事実上のヤミ金を「管轄外」と言い切る行政の鈍感
はじめに
売掛債権を譲渡して即日資金化できる2社間ファクタリングが急拡大している。利便性の裏側で手数料は高騰し、償還請求権や遅延損害金条項によって利用者が実質的な返済義務を負うケースが相次ぐ。専門家の間では「構造はヤミ金と同一」との指摘が既に定着しているが、金融庁は依然として「債権売買取引であり、貸金業法の直接監督対象ではない」との立場を崩さない。形式を楯に“管轄外”と公言し、注意喚起リーフレットを更新するだけで実質規制に踏み込まない――その態度こそが被害拡大の温床になっている。本稿では三千字超で、金融庁の問題意識の欠如を多角的に検証する。
1 形式主義に終始する行政解釈
貸金業法は「元本返還の約束を伴う金銭交付」を貸付と定義し、登録制と利率規制を課している。2社間ファクタリングは書面上「譲渡」「売買」であるため、金融庁は長らく貸金ではないという姿勢を維持してきた。だが実態は、①償還請求権付き、②売掛先遅延時の全額負担義務、③遅延損害金の高率設定、など貸付と同質のリスク移転構造が顕在である。2024年通達で「実質貸付なら貸金業」と一応明示したものの、監督手法や指導事例は公表されていない。
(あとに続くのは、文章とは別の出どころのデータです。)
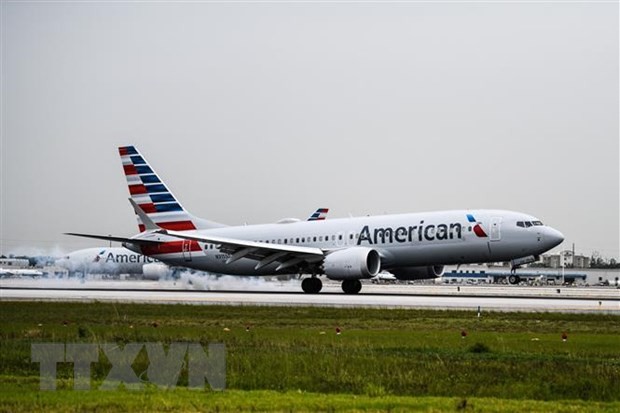 Máy bay của hãng hàng không American Airlines tại sân bay quốc tế Miami. (Ảnh: AFP/TTXVN).
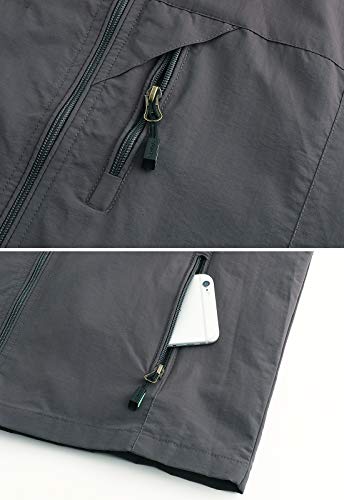 Image of Hbufnha Men's Lightweight Vest Outdoor Windbreaker Vest Jacket For Golf Safari Travel Fishing Hiking Vest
結局、形式主義を温存し「個別判断に委ねる」との逃げ道を残したままである。
2 “注意喚起”に矮小化される行政対応
金融庁はウェブサイト上に「偽装ファクタリングに注意」というPDFを掲載し、利用者に自衛を促す。しかし、その内容は「手数料が高い業者は要注意」「償還請求権がある場合は貸付の可能性」といった一般論に留まり、違法業者の名称公表も行政処分例の紹介もない。貸金業では登録リストと処分履歴を詳細に掲示する一方で、ファクタリングについては実質貸付の疑いがあっても個別事例を伏せる。この情報非対称性こそ被害を拡大させる元凶だ。
3 監督空白が生んだ市場の歪み
管轄外との宣言は、法のグレーゾーンで高利取引を行う業者に事実上の“免罪符”を与える。金融庁が踏み込まない領域に、登録不要・監督なしの金融サービスが乱立し、上場企業までが参入してきた。行政が透明なルールメークを怠った結果、健全なファクタリングと高利貸付の線引きが曖昧になり、市場はモラルハザードに陥っている。
4 被害者の声と救済の欠落
東京都の機械加工業C社は、資金繰り悪化で二度目のファクタリングを利用した直後、売掛先の支払いが遅延。償還請求を受け、手数料を差し引いた買取額を超える返金を迫られた。顧問弁護士が貸金業法違反を主張したものの、金融庁は「売買契約は所管外」と回答。監督当局の不介入により、C社は訴訟費用を捻出できず廃業に追い込まれた。こうしたケースでは消費者金融被害と異なり、行政ADRも整備されておらず、実効的救済が機能していない。
5 国会答弁と政策的責任
2025年春の参議院財政金融委員会で、野党議員が「2社間ファクタリングはヤミ金同然」と質した際、担当副大臣は「個別に実態を把握した上で必要な措置を検討する」と答弁したが、その具体策は示されなかった。形式論を盾に監督逃れを続ける限り、国会での議論も空回りし、政策的責任は宙に浮く。
6 海外比較が示す行政の出遅れ
米国では売掛債権ファイナンスに関する統一商事法典(UCC)の下、ディスクロージャー義務とリコース制限が明示され、違反業者には州金融局が行政罰を科す。英国でも「Small Business Commissioner」が支払サイト改善と高利ファクタリング苦情を一体管理する仕組みを導入した。対照的に日本の金融庁は、実質貸付判定のガイドラインすら整備せず、「注意喚起」依存を続ける。この国際比較からも、行政の出遅れは明らかだ。
7 抜本策──監督一元化と開示義務
①貸金業法の定義を拡張し、実質貸付要件を明文化する。②ファクタリング業者に登録制を敷き、手数料上限・償還条項の有無を開示させる。③行政処分歴・苦情件数を公表し、利用者の選択を支援する。④金融ADRにファクタリング専用スキームを設置し、被害救済を迅速化する。⑤違反業者には名称公表と業務停止命令を適用する――これらを包括的に実施することで、形式ではなく実質を監督できる体制が整う。
結論
金融庁が「2社間ファクタリングは管轄外」と言い切るたび、市場は“合法を装ったヤミ金”という歪な成長を遂げる。注意喚起PDFで責務を終えた気になっているうちは、被害者は救われず、経済全体の信用が損なわれ続ける。形式的境界線の外に逃げるのではなく、実質を見据えた規制と透明性の確立こそが、行政に課せられた本当の使命である。